On that subject, I am slightly concerned about my passion for tractors which I occasionally look at on the internet with complete innocence. Seemingly that is no longer allowed in the governmental circles in case MPs get sidetracked into obscene pornography, so it won’t be long before it is banned altogether. Who would a thought a Class Dominator was anything other than a combine harvester? Preposterous! Oh well, if I stop liking tractors, does that make me an Extractor Fan? Groan!

I mentioned last month that we now have a ride-on lawnmower. Well, in a bid to squeeze into a father-of-the-groom wedding suit later this month, I have made a massive effort to lose some weight by cutting out the wine and cheese which, up until this weekend, has been working fine. A couple of games of golf per week is contributing to the exercise but I do miss walking behind the mower for hours at a time to get my steps in. But here’s the interesting thing, my Fitbit watch has been fooled into thinking that sitting on the mowing machine constitutes exercise. Result! I kid you not, after I finish an hour’s worth of laziness in the seat I get rewarded with the information that I have just walked to Bordeaux and back. Who makes these things?
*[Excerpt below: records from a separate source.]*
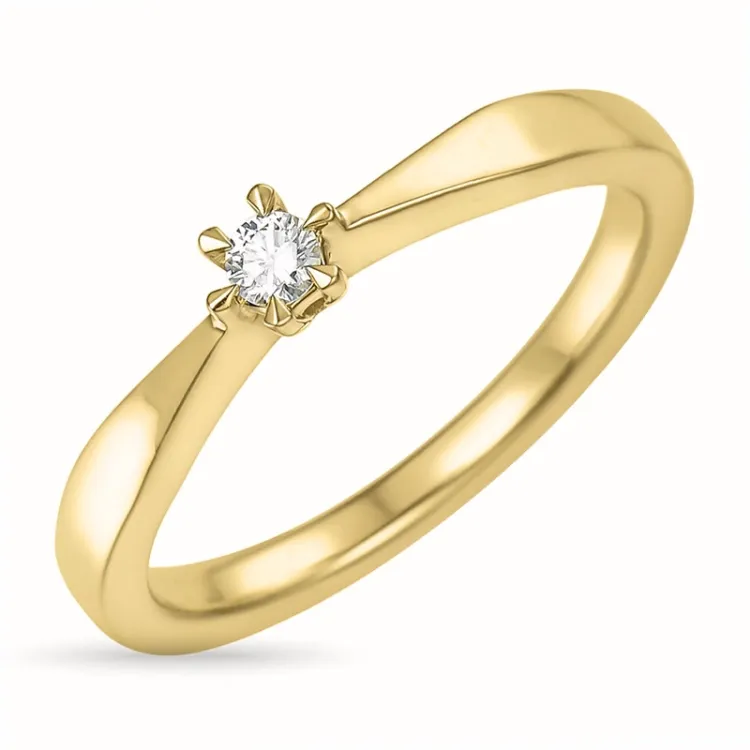 0,05 ct diamant solitärring i 14  karat guld 0,05 ct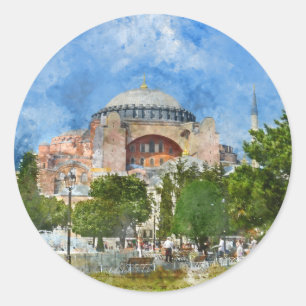 Pegatina Redonda Hagia Sophia en Sultanahmet, Estambul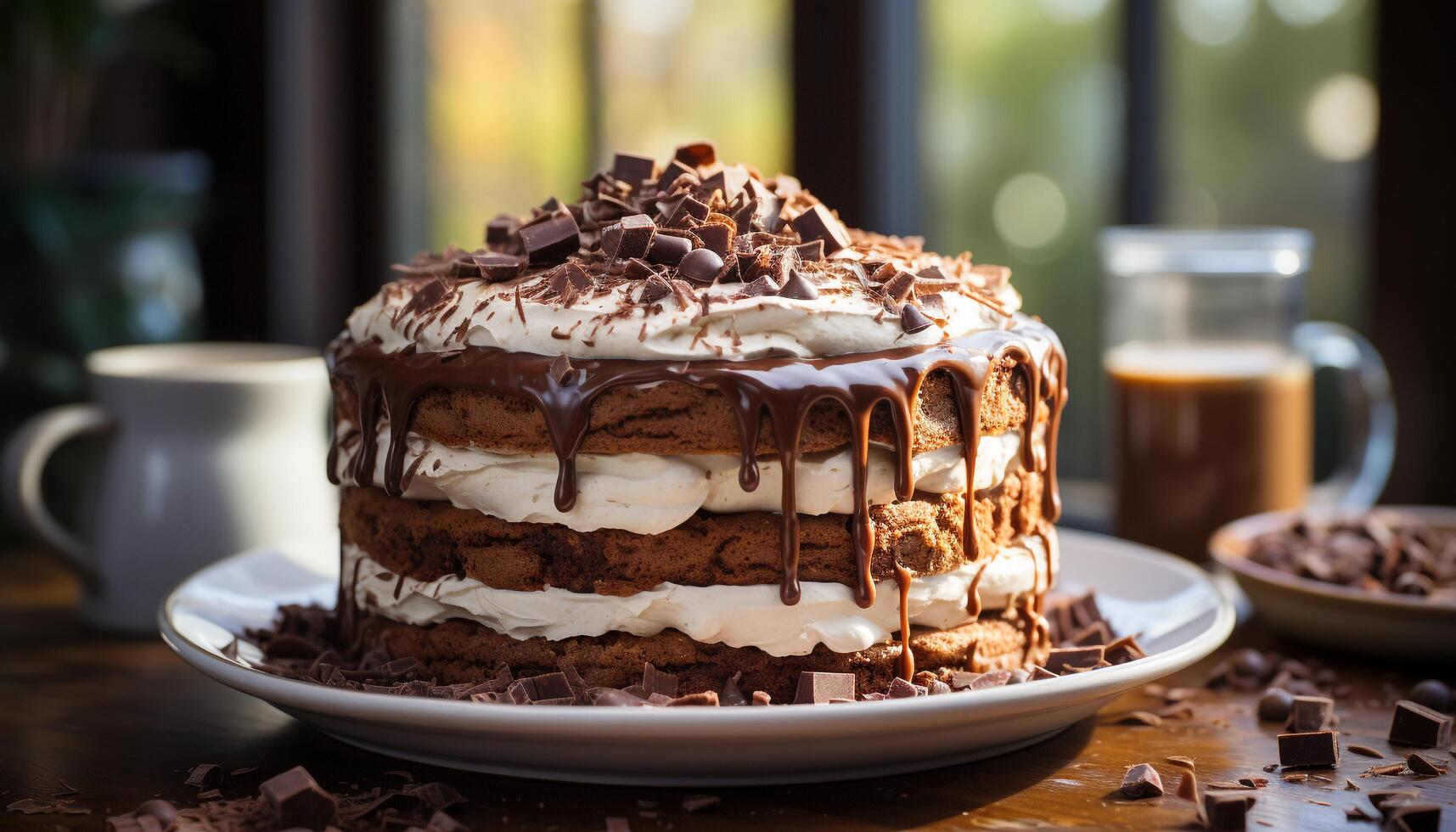 ai gegenereerd chocola toetje Aan tafel, romig koffie verfrissing gegenereerd door ai foto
Anyone who has been here to Chauffour will tell you that we have a great view from our back terrace of a dilapidated ancient barn and windmill on the near horizon. Well, we did do until a few months ago when someone came along and knocked the barn down. For the next weeks our peace was shattered by heavy machinery digging and moving earth, then followed by a constant trail of concrete lorries. Lord knows what they are building up there but by the size of it methinks a large family will be moving in by the end of the summer to overlook the privacy of our swimming pool. Maybe they will fill the spare rooms with Ukrainian refugees. Ha, we could all have a sing-along to Go-SHUM!

Countdown is now on until we head off on our UK travels, with the first stop on British soil to get a new MOT on the camper. So, in true mechanical fashion, the damn thing has broken down. Well, not exactly broken but it is sending me a warning that something isn’t right and that in turn will fail its test. A light on the dashboard suggests my Air Bag isn’t working properly. She was fine last time I looked, washing the dishes in the kitchen!

And run...

Wednesday, 20 April 2022

Carlsberg Cauldron

 Whoosh, there it goes again, that deadline rushing by at great speed. Had I written this a few days ago, when I should have done, I would be once again berating the French weather with its cold rain and wind, but thankfully this weekend it has at last furnished us with a few rays of summer which will hopefully last more than a couple of days.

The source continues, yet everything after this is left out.